Statistical analysis of the datalogger measurements was performed using SPSS 23.0 program. A two-factor (fabric type × time) repeated measures analysis of variance (ANOVA) was used to analyze the effect of different fabric types and the changes in time for temperature measurements of different body locations. If there is a difference between variables, post-hoc tests can be used to define the relationships between the parameters. Post-hoc statistical tests provide a consistent and appropriate approach for research. Homogeneous characteristics of variance and equality of sample size characteristics are important factors in the selection of post-hoc tests. Where a significant main effect was found a post-hoc test with Bonferroni correction was applied to locate the difference. For all statistical analyses, p ˂ 0.05 was considered significant. The significance of fabric type (p = 0.000 ˂ 0.05), time (p = 0.000 ˂ 0.05), and fabric type × time (p = 0.617 > 0.05) on microclimate temperature results were measured using ANOVA tests. There was a statistically significant difference between the TS Tencel single jersey knitted fabric and the other four t-shirt samples according to the microclimate temperature values (significance of CS p = 0.000 ˂ 0.05, for CPS p = 0.000 ˂ 0.05, for POS p = 0.02 ˂ 0.05, for PM p = 0.028 ˂ 0.05). The point that draws attention here is that the temperature values of the sensor data in four body regions of this t-shirt sample were measured lower than the other four fabrics. As in the study by Li24, significant effects of fiber type on the temperature and humidity values of clothing microclimate were observed.

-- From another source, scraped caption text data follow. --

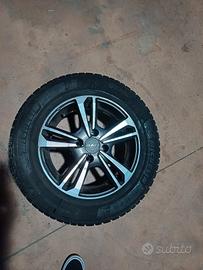 Cerchi in lega con gomme invernali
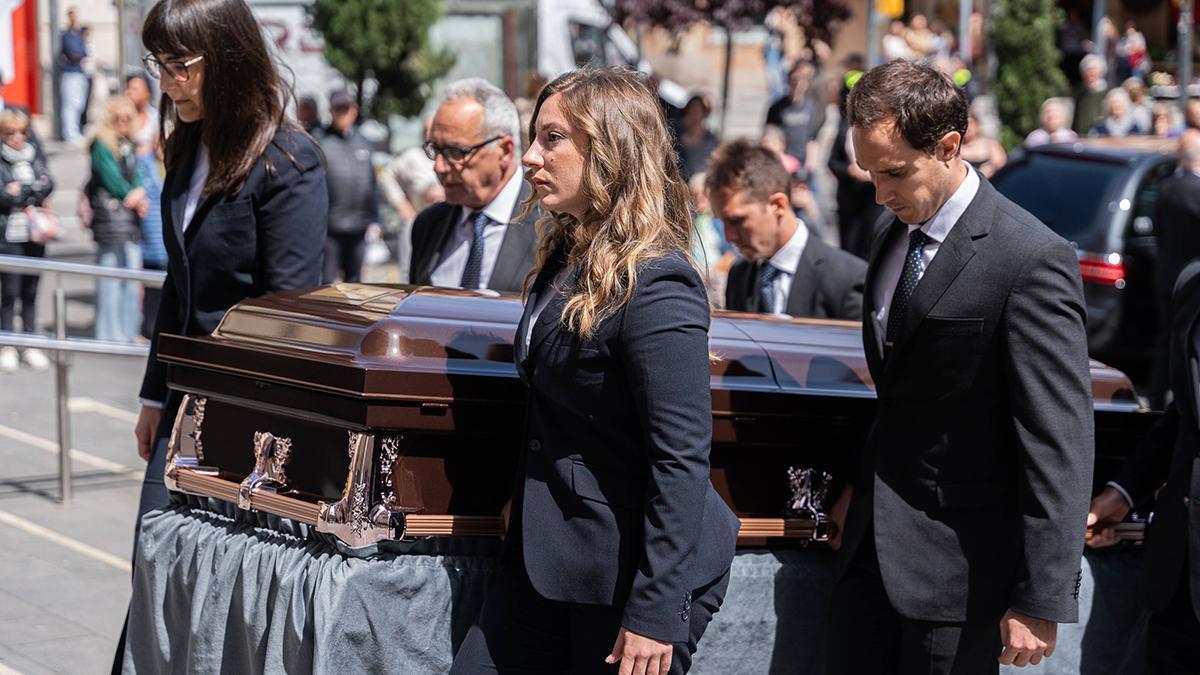 Funeral en Sarrià de la familia Escobar-Camprubí, fallecida en accidente de helicóptero en Nueva York Funeral en Sarrià de la familia Escobar-Camprubí, fallecida en accidente de helicóptero en Nueva York
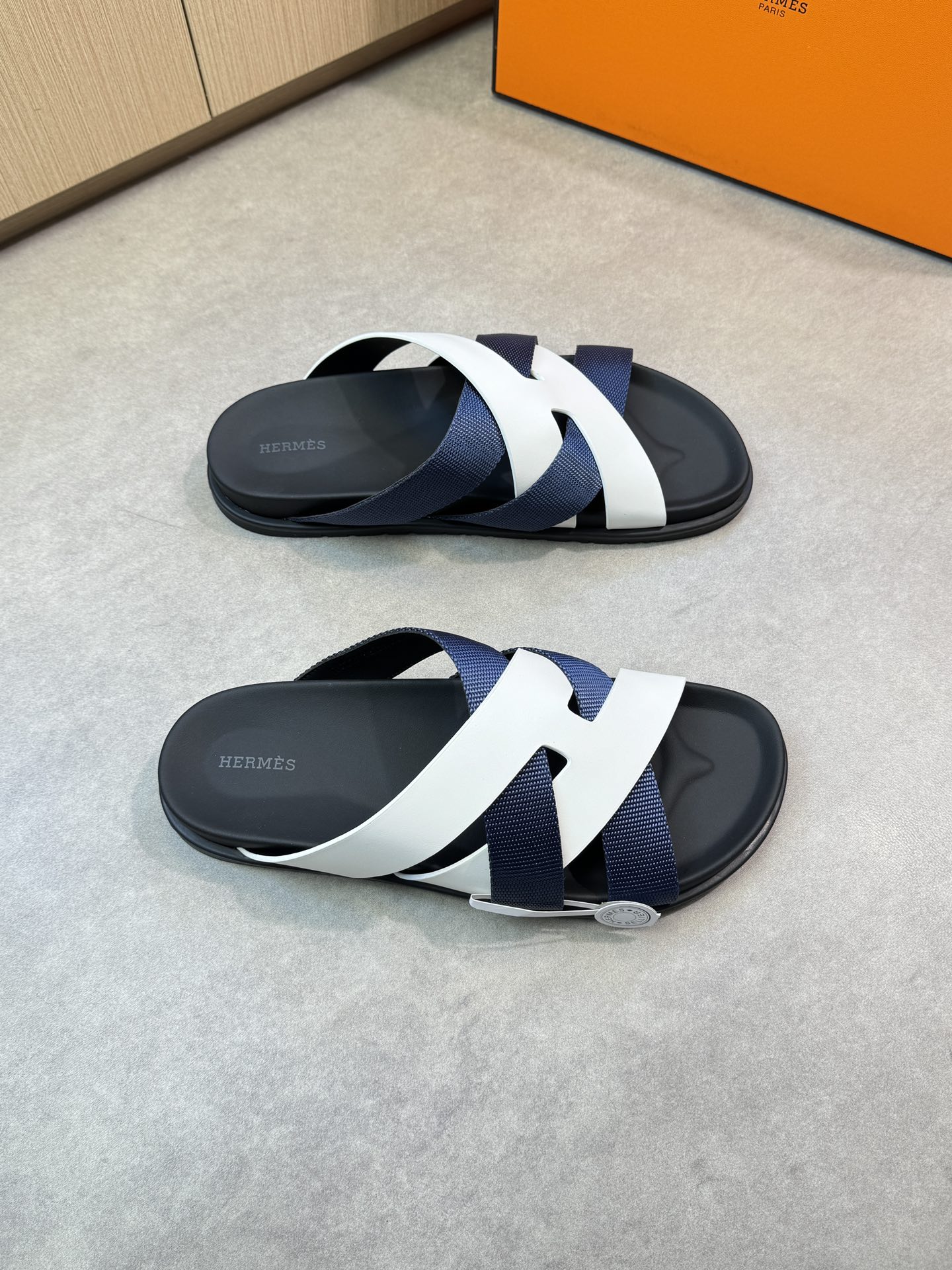 NO:275957,【HERMES】HERMES - High-end quality ●Original single casual sandals - Imported Napa calfskin on the upper, brand high merceration webbing, weaving process - Inner water dyed cowhide - Outsole ultra-light TPR rubber· genuine leather bag TPU water table; combined molding outsole - Ultra-high quality control·fine workmanship highlighted (high-end, noble, grade) -Size 39-44 (38, 45, 46, 47, can be customized)·HMS0199,, hermes, hermes, slippers, cowhide19860909【 HERMES】爱马仕 -高端品质●原单休闲凉拖鞋 -鞋面进口纳帕小牛皮、品牌高丝光织带、编织工艺 -内里水染牛皮 -大底超轻TPR橡胶·真皮包TPU水台；组合成型大底 -超高品控·做工精细凸显(高端·贵气·档次) -Size 39-44（38,45,46,47,可订做)·HMS0199,,hermes,hermes,slippers,cowhide,Men's shoes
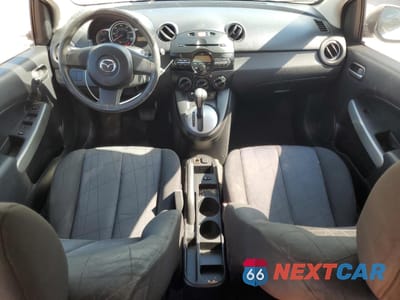 Zdjęcie 8 z 15 samochodu: 2012 MAZDA MAZDA2 VIN:JM1DE1KY3C0150264 - miniatura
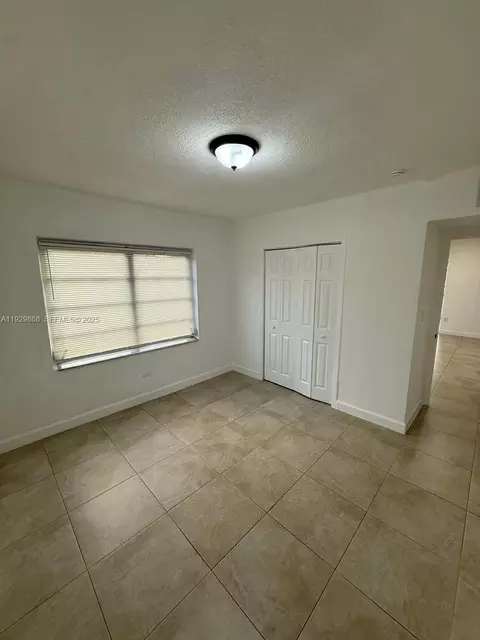 621 E 13th St, Hialeah, FL 33010 photo 24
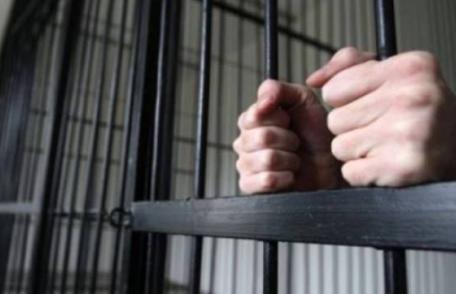 Botoșănean arestat preventiv pentru tâlhărie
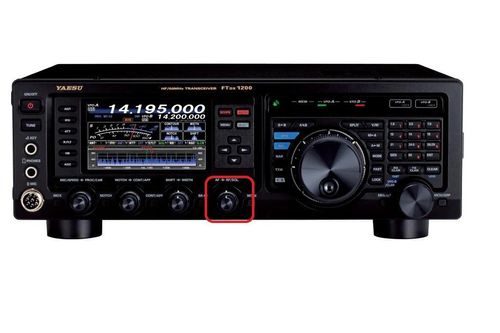 Yaesu SCU‑17 USB Interface Unit for CAT & Digital Modes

The humidity values of the tested T-shirt samples were compared using SPSS 23.0, and a two factor (Fabric Type * Time) repeated measures analysis of variance (ANOVA) was used to analyze the effect of different fabric types and the changes in humidity for different body locations. The two-way ANOVA test results showed the significance of fabric type (p = 0.000 ˂ 0.05), time (p = 0.000 ˂ 0.05) and fabric type × time (p = 0.998 > 0.05). When the moisture results were examined, a significant difference was observed between the PM and TS coded samples and the other three samples. Statistical analysis results were obtained in conjunction with the sensor measurement results. Clothing made of PM coded polyester mesh fabric measured at lower humidity in the chest, abdomen, and waist region showed a statistically significant difference from the other samples (significance of CS p = 0.033 ˂ 0.05, for CPS p = 0.003 ˂ 0.05, for POS p = 0.000 ˂ 0.05) except for the TS coded sample (p = 1 > 0.05). In addition, the Post-Hoc Bonferroni test results showed that there was a significant difference between the TS coded fabric and the other two samples (significance of CPS p = 0.035 ˂ 0.05, for POS p = 0.006 ˂ 0.05).

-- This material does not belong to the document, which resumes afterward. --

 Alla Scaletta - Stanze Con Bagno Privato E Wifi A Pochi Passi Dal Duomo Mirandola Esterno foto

Oxygen uptake (VO2) is defined as the amount of oxygen that a person can use per unit of time; the higher this value, the higher the aerobic capacity of the person. Delaying the rise in oxygen uptake during an activity, thus reaching the maximal values (VO2max) later, means that the garment has a positive effect on aerobic performance. The changes in VO2 and heart rate with respect to time for the five different types of test garments are shown in Fig. 7a,b. It was seen that VO2 values of all garments showed a similar change. At the beginning of the activity, VO2 values were 30 (ml/kg/min), which reached 50 (ml/kg) at the end of the activity. It was seen that the heart rate reached about 180 bpm at the end of the activity while it was in the range of 130–140 bpm at the beginning of the activity. TS coded Tencel single jersey knitted sample showed the lowest VO2 value between 9.5 and 12.5 km/h speeds. PM coded polyester mesh fabric exhibited the lowest oxygen uptake value at the end of the activity. When wearing PM and TS garments, the heart rate was generally lower than that of the other garments. In addition, the microclimate temperature and relative humidity of these garments were lower than those of the others, indicating that the increase in microclimate temperature and relative humidity due to the garment increased the heart rate at the same activity level.
(a) Comparison of VO2max values of subjects with speed (b) Comparison of heart rates of subjects with speed.
Before and after applying the wear trial test protocol, the subjects were weighed with and without a garment. In addition, t-shirt samples were weighed before and after the test and the rate of sweat that the t-shirts held in their structures was calculated. The amount of sweat absorption is shown as a percentages of the t-shirt weight in Fig. 8. The highest rate of sweat retention was observed in the CS cotton single jersey knitted fabric, which was due to the high moisture absorbency of cotton. The second highest percentage of sweat retention was observed in the CPS-coded polyester cotton fabric. It can be said that the T-shirt samples containing the cotton yarn absorbed more amount of sweat. The lowest percentage of sweat retention was observed in the sample made from the POS coded polyester yarn. The comfort properties of clothes made of knitted fabrics with different yarn types (cotton, polyester and blends) investigated and observed that Jacquard polyester T-shirts had lower sweat rates than double-sided polyester and cotton shirts22. It has been observed that polyester absorbs sweat, but does not retain it, because of its wicking properties.
Rate of sweat retention during wear trial test.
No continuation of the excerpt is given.